Alibaba’s IPO Debuts Friday — But When?

The NYSE tends to delay the start of trading by at least 15 minutes, but Alibaba's IPO might begin later than usual due to size and investor interest.
Iris DorbianSeptember 18, 2014
Alibaba’s IPO Debuts Friday — But When?

As excitement mounts over tomorrow’s debut of Chinese e-commerce giant Alibaba’s IPO, two questions linger: What will be the opening price? Moreover, at what precise time will the stock, which is expected to raise at least $21 billion, begin trading on the New York Stage Exchange under the ticker symbol “BABA?”

clock moneyThe answers to both remain a mystery; however, according to Fortune, the NYSE will probably begin the process of deciding the stock’s opening price at 9:30 am Eastern time. But the exact time shares begin trading in the open market is still unknown.

Investors are curious about the timing because of what happened with Facebook’s large offering on NASDAQ two years ago. The Facebook opening was delayed past the scheduled trading time, and many investors, business TV anchors and other market watchers were in the dark as to what was going on.

Based on NYSE’s past history, particularly its handling of other hot tech IPOs, most notably Twitter, Fortune predicts Alibaba shares will start trading at 11 a.m. Eastern time.

There is a key reason for this, says Fortune. The NYSE always delays the trading of an IPO on its debut day by at least 15 minutes beyond the opening bell. Yet even then, that timeline is not a certainty.

As Fortune points out, unlike NASDAQ. the “NYSE does not set an official trading start time for IPOs.”

General Motors, began trading on the NYSE at 9:36 a.m., but usually hot tech IPOs take longer.
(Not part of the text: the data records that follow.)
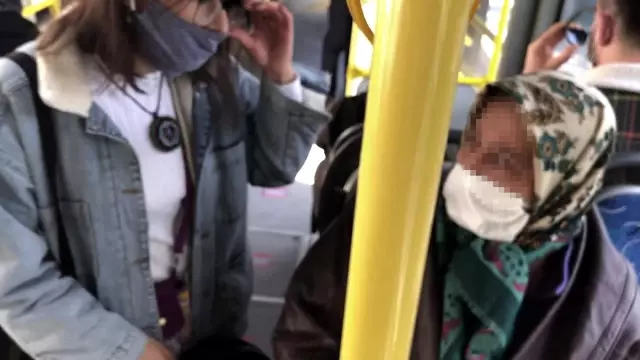 Yasak olduğu için otobüsten indirilmek istenen 65 yaş üstü kadının sözleri yürek burktu Yasak olduğu için otobüsten indirilmek istenen 65 yaş üstü kadının sözleri yürek burktu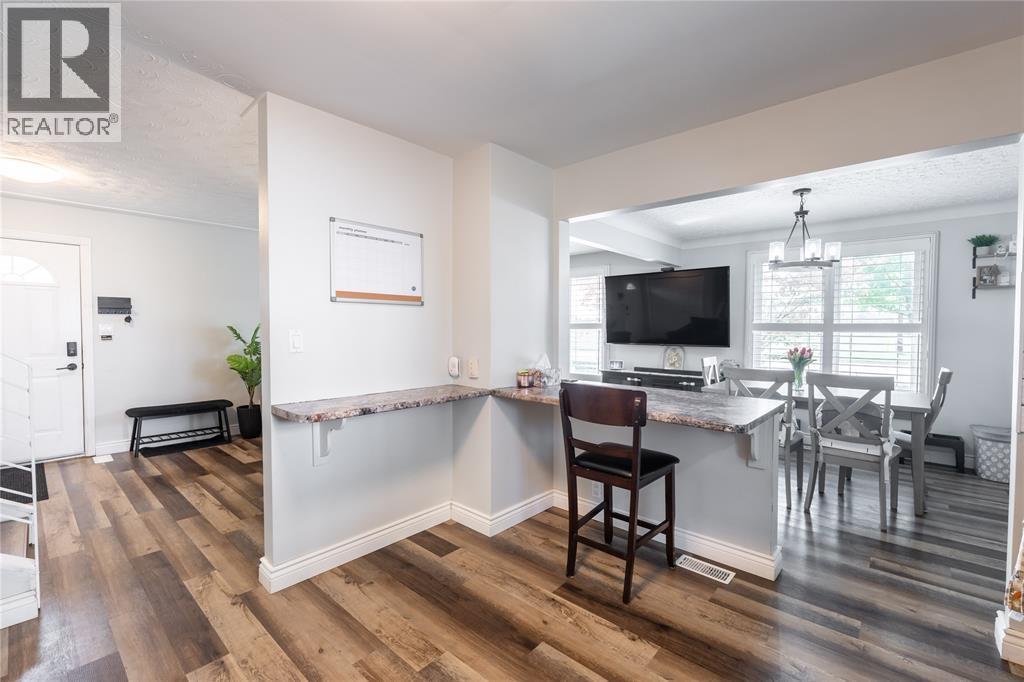338 Hill Street, St Clair, ON
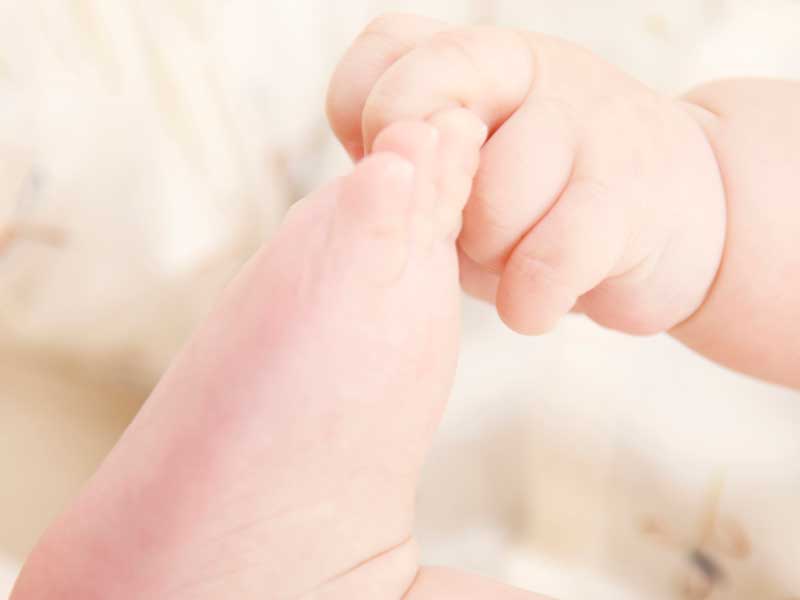 足を触る赤ちゃん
For instance, last year when Twitter listed on the NYSE, the stock did not begin trading until 10:49 a.m.

Plus, there’s also Goldman Sachs’ role in this to consider. One of the stock’s lead underwriters, Goldman does not customarily rush IPOs, notes Fortune. Other factors that will undoubtedly delay the trading time are the stock’s sheer size and intense interest.

Tom Farley, NYSE’s president, does not deny that Alibaba’s IPO may begin trading later than usual. In fact, he expects it.

“What’s great about the NYSE is that it’s not all about technology and that at a moment in time a stock has to open up,” he tells Fortune. “We have humans at the point of sale who can make rational decisions. And one rational decision is, ‘This is a big IPO, feels like a bit of an imbalance, let’s slow it down a bit.’”

Right now, the only thing that’s set — somewhat — is the stock’s pricing range, which is currently between $66 and $68 a share. Because of the demand and interest in the stock, Fortune speculates that the opening price might be $68.

The underwriters, which include JPMorgan Chase, Morgan Stanley, Citigroup, Credit Suisse and Deutsche Bank, could set the opening price as early as 4:01 p.m. Eastern time on Thursday following the closing of the market trading session.

But Fortune feels “the process is likely to take a few hours, and it might not happen until later in the evening. After that, investors lucky to get stock in the IPO will find out how many shares they received.”